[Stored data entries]

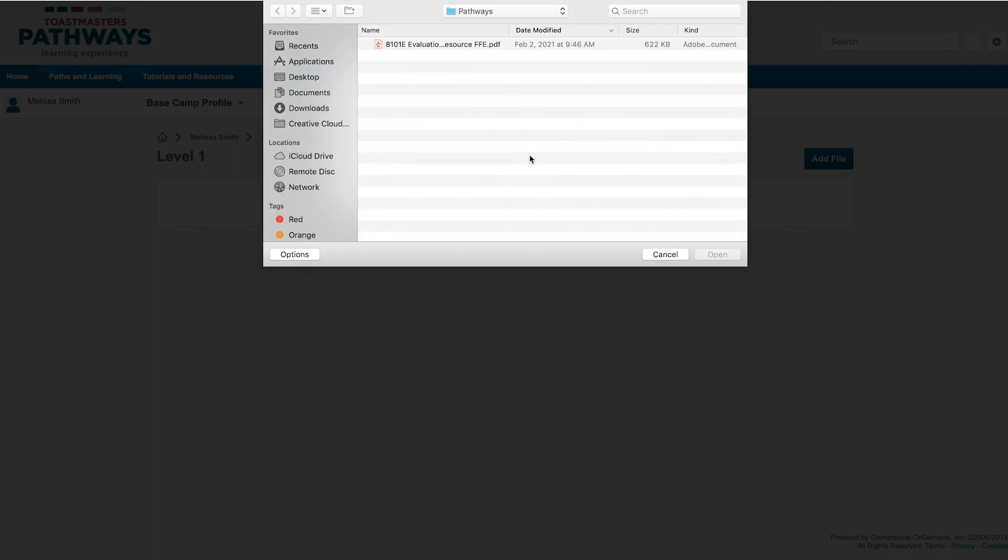If you click Select a File, make sure you know where your document is saved on your device. Keep in mind that the process of locating and selecting your document might look slightly different based on your device and browser.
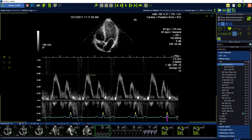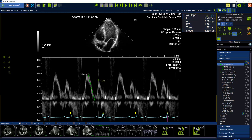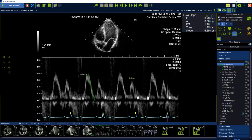Place the first point on the e-peak of the mitral valve inflow and drag the deceleration slope to the right position. Click a second time to confirm the measurement. Place the third point on the A-peak of the mitral valve inflow.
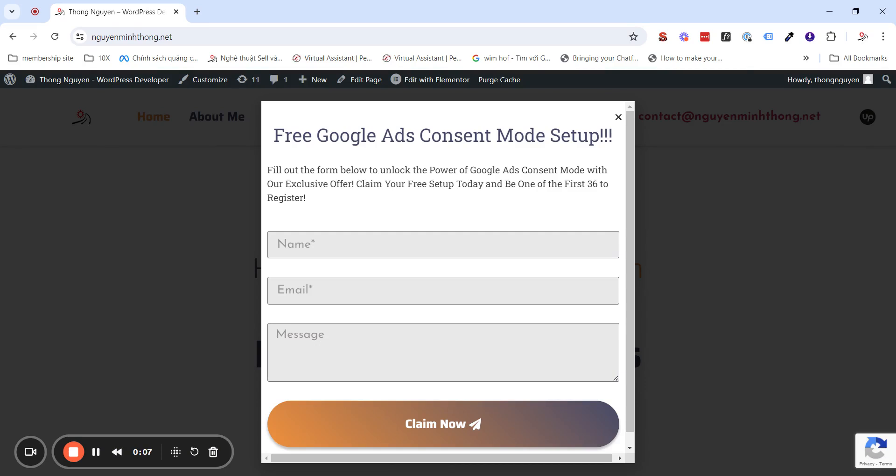In this short video, I will guide you how you can make Elementor pop-ups display just one time for a visitor in one session. That means, as you can see here,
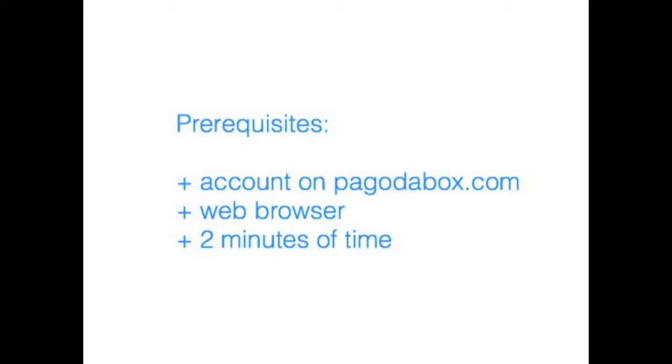Alright before we get started, you'll need an account in pagodabox.com, a web browser and a couple minutes of time. Alright ready? Let's go ahead and get started.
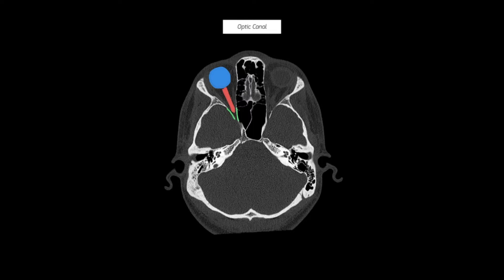These are axial images through the level of the skull base. You'll note that these are bone-enhanced acquisitions to help accentuate the bony quality and bony texture. I've annotated one half of the image so you can refer to the other side for reference.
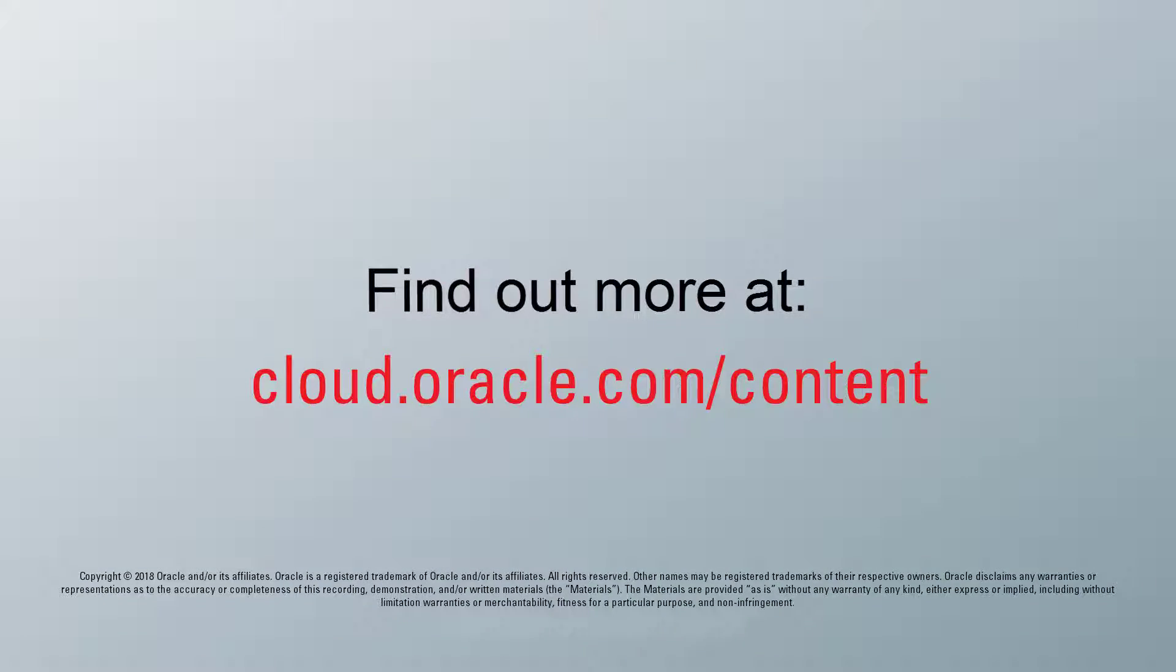For more information, visit cloud.oracle.com.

* [Required action]
Please set down exactly the lines from the first line of the data above through the line with "Alright before we", both included, leaving out the pictures.

* [Answer space]
If you click Select a File, make sure you know where your document is saved on your device. Keep in mind that the process of locating and selecting your document might look slightly different based on your device and browser.
Place the first point on the e-peak of the mitral valve inflow and drag the deceleration slope to the right position. Click a second time to confirm the measurement. Place the third point on the A-peak of the mitral valve inflow.
In this short video, I will guide you how you can make Elementor pop-ups display just one time for a visitor in one session. That means, as you can see here,
Alright before we get started, you'll need an account in pagodabox.com, a web browser and a couple minutes of time. Alright ready? Let's go ahead and get started.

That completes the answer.